▸ **How to complete this task**:
From the line containing "problèmes de télévision" to the end of the records below, both included, every line should be repeated exactly; pictures should be dropped.

▸ **Records from a dataset**:
***
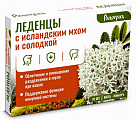 Купить радоград леденцы с исландским мхом и солодкой со вкусом мята и имбирь 10 шт бад в Балахне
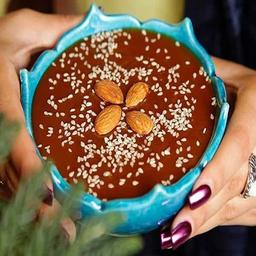 طرز تهیه سمنو خانگی با آرد و جوانه گندم برای ۱۰ نفر ساده و سریع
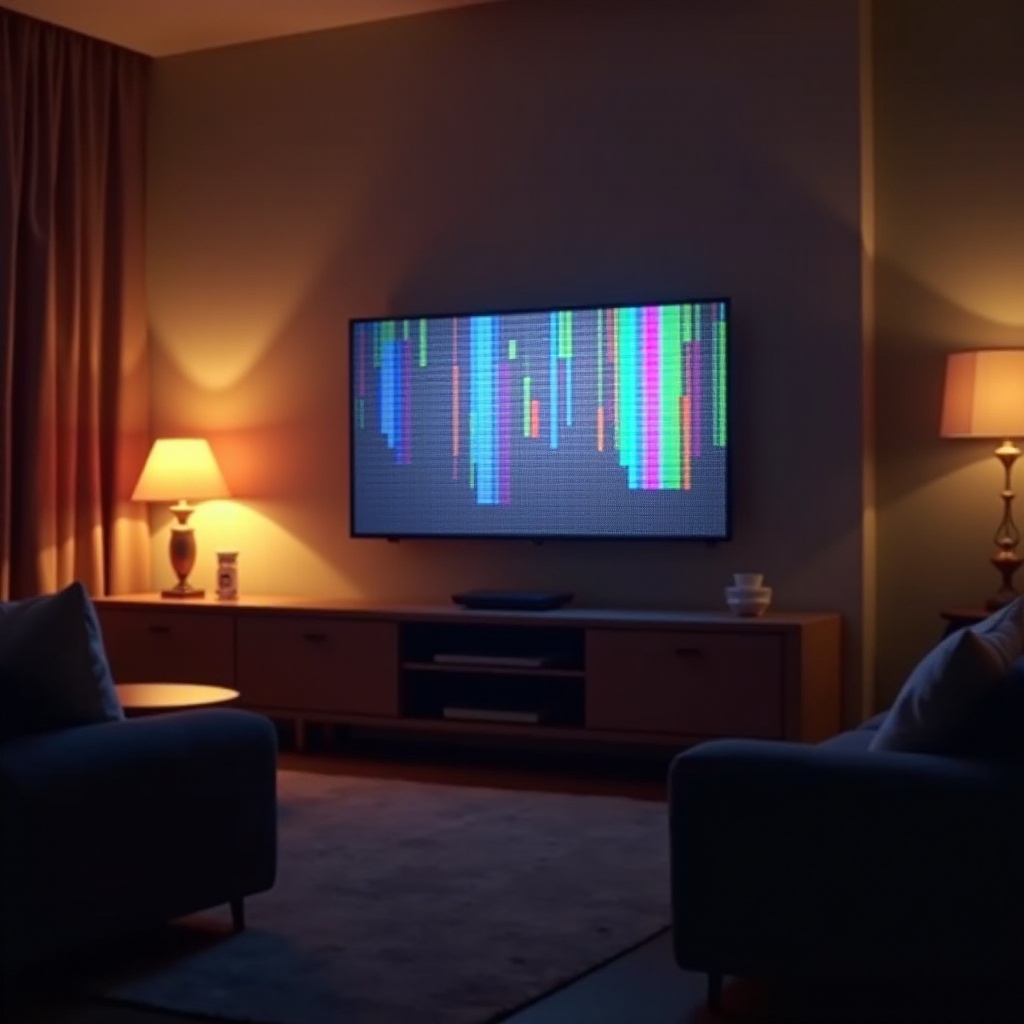 problèmes de télévision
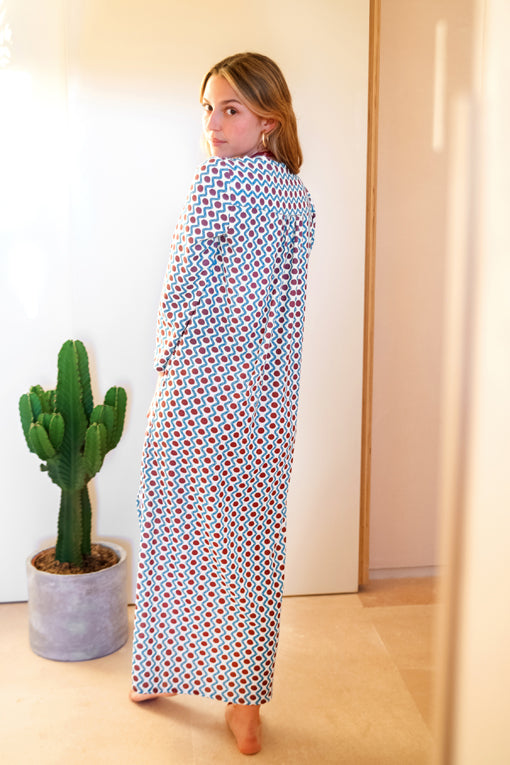 VESTIDO DUBLIN ZIGZAG
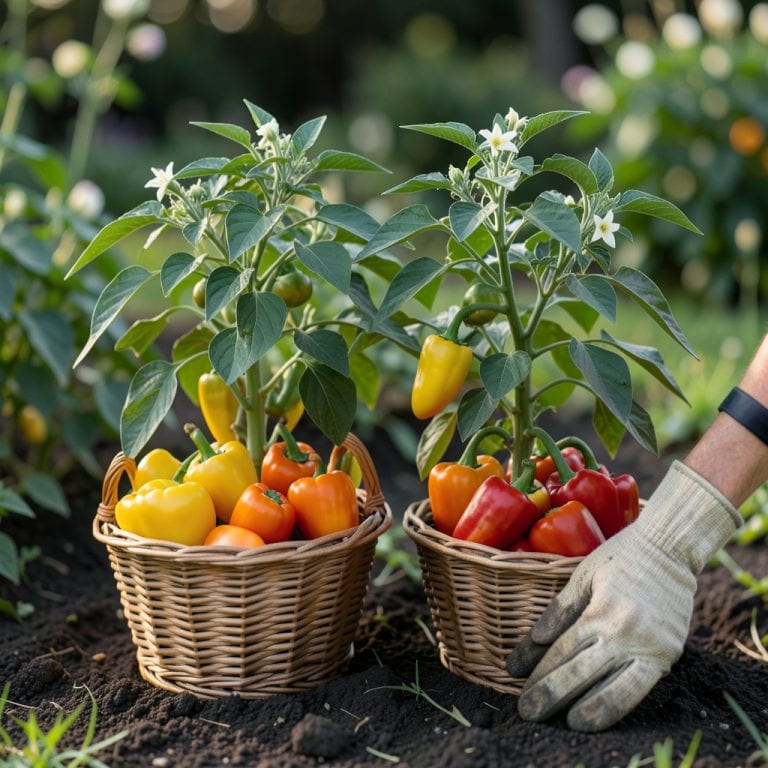 Gypsy Sweet Pepper When to Pick: Ripeness Color Chart for Gardeners Gypsy Sweet Pepper When to Pick: Ripeness Color Chart for Gardeners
***
▸ **Solution for this task**:
 problèmes de télévision
 VESTIDO DUBLIN ZIGZAG
 Gypsy Sweet Pepper When to Pick: Ripeness Color Chart for Gardeners Gypsy Sweet Pepper When to Pick: Ripeness Color Chart for Gardeners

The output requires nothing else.